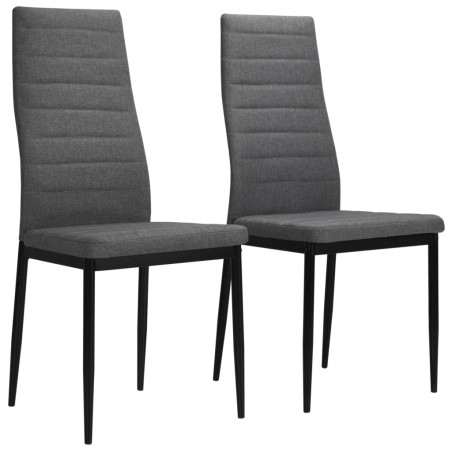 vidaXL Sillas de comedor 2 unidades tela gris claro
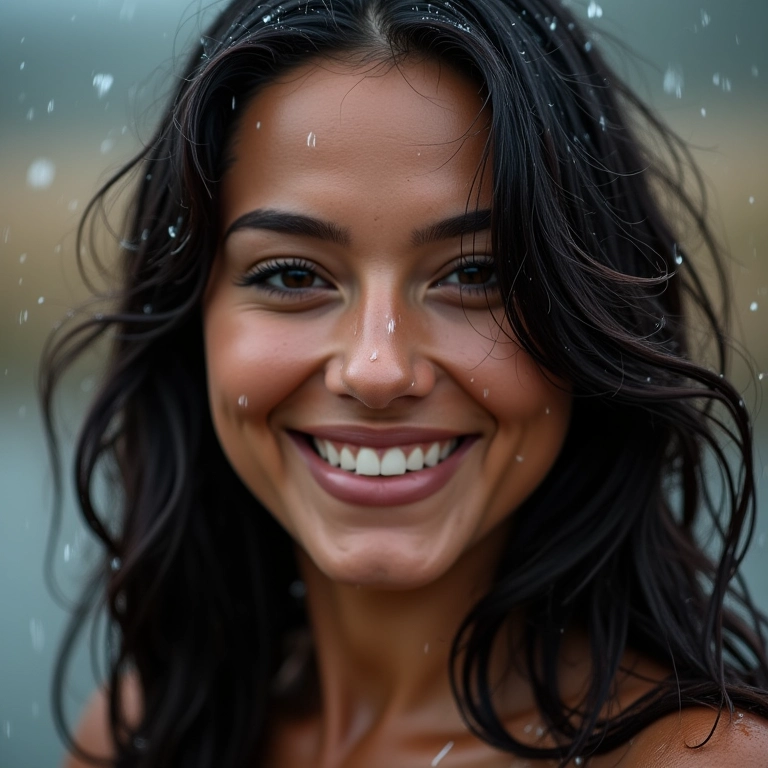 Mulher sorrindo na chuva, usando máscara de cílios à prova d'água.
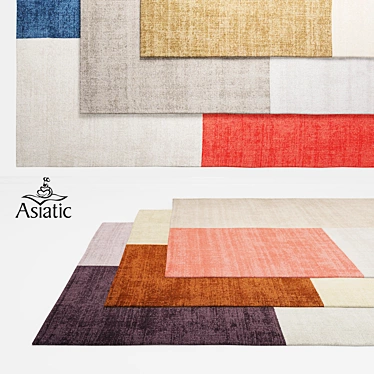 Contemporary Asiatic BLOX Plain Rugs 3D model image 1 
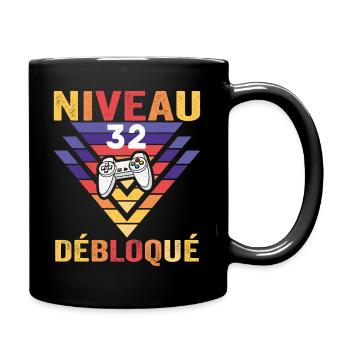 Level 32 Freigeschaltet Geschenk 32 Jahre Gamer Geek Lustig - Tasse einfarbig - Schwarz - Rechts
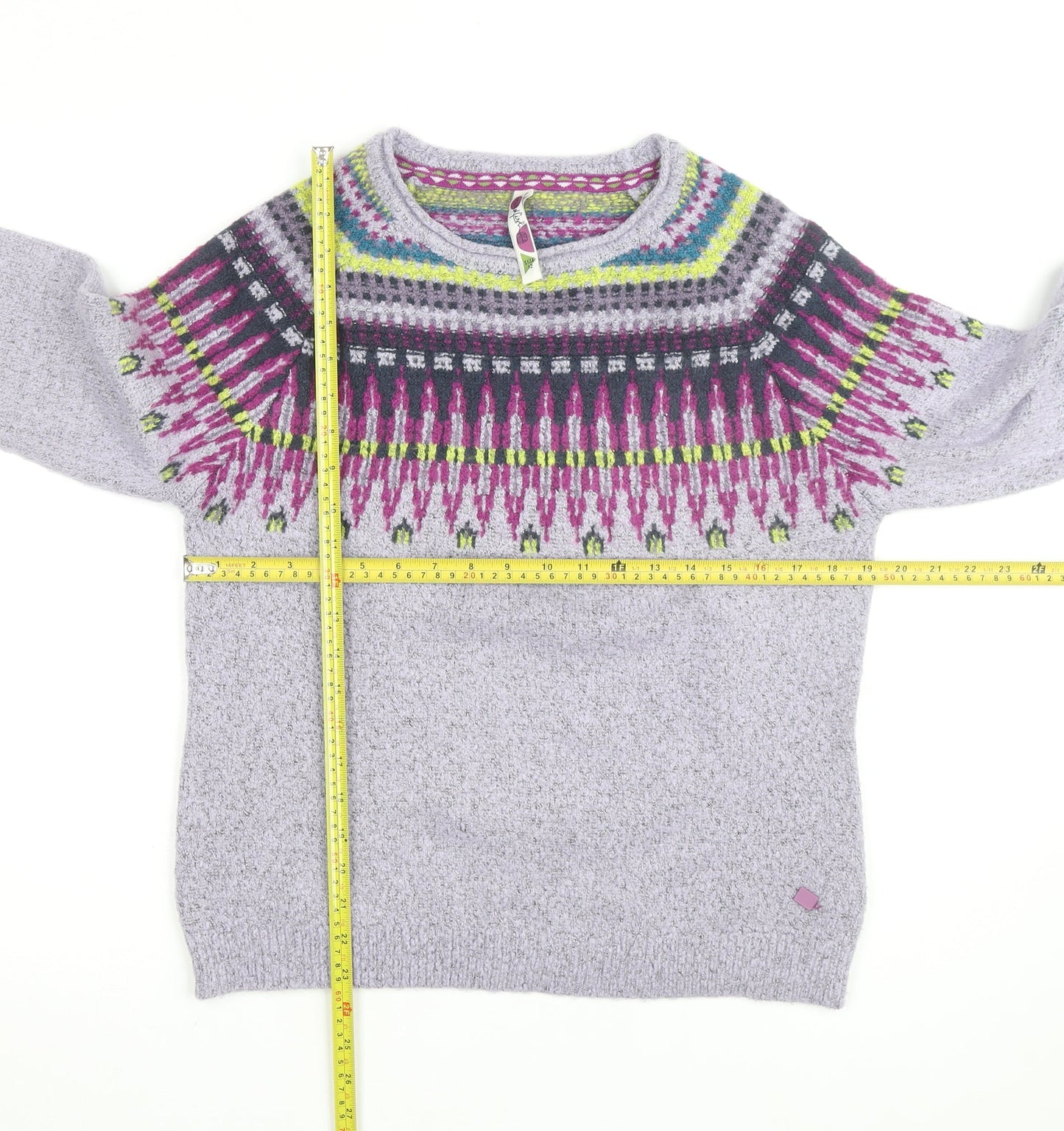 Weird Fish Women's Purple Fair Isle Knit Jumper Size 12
◇ ◇ ◇ ◇ ◇
Please output, exactly and with no pictures, only the lines from the one containing "Mulher sorrindo na" through the final line of the records above.

 Mulher sorrindo na chuva, usando máscara de cílios à prova d'água.
 Contemporary Asiatic BLOX Plain Rugs 3D model image 1 
 Level 32 Freigeschaltet Geschenk 32 Jahre Gamer Geek Lustig - Tasse einfarbig - Schwarz - Rechts
 Weird Fish Women's Purple Fair Isle Knit Jumper Size 12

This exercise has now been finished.